売れない仏人ジャーナリスト、アンドレは、取材でドイツに滞在中、成功した作家とその美しい仏人妻エレーヌと出会い彼らの自宅に入り浸り、エレーヌをストーキングするようになる。そして悲劇が。
実はドイツ嫌いで、ライターとしての実力も無いのに自意識過剰で、他人の幸福が許せない子供じみた主人公アンドレのモノローグが延々と続く本作。面白かった!
エレーヌサイクル(シャブロルのミューズ名として多く登場するエレーヌという名前)の第1作目らしい。
エレーヌを演じたのは、当時ジャン=ルイ・トランティニャンと別れ、シャブロルと交際中だったかもしれない30歳のステファーヌ・オードランで、透明感があって美しい。
泳げないことを知られて子供のように拗ねる、なんか屈折したアンドレを演じたのはジャック・シャリエで、今回私は初めて観たがなかなかのイケメン。
大寺さんの解説によると、彼はマルセル・カルネに見出され人気が出て、あのブリジット・バルドーと結婚なさったとか!

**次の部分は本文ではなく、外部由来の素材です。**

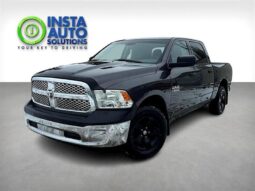 
										2016 Ram 1500 ST 4×4 Crew Cab full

でも身籠ったバルドーのために、オファーがあった「太陽がいっぱい」のアラン・ドロンがやったリブリー役を泣く泣く諦めたとか。そして無事出産したバルドーには結局捨てられてしまったそうな。
う〜ん、もしかしたらジャック・シャリエでもリプリーは成り立ったかも。マット・デイモンよりは全然いけた。
なんともほろ苦い育休でしたねぇ。
そしてなんとなく人気も下火になり、そんな時の本作出演だったらしい。シャブロルは、リプリーになれなかった彼のために、本作ではどことなく似たシチュエーションを設定してあげたとか。
まぁBB様と3年間とはいえ結婚し、息子もできたのだから彼の人生は薔薇色だったと言えるでしょう。
あれ?ステファーヌ・オードランがトランティニャンと別れたのって、当時ロジェ・ヴァデム監督と結婚してたBB様との浮気が原因じゃなかったっけ?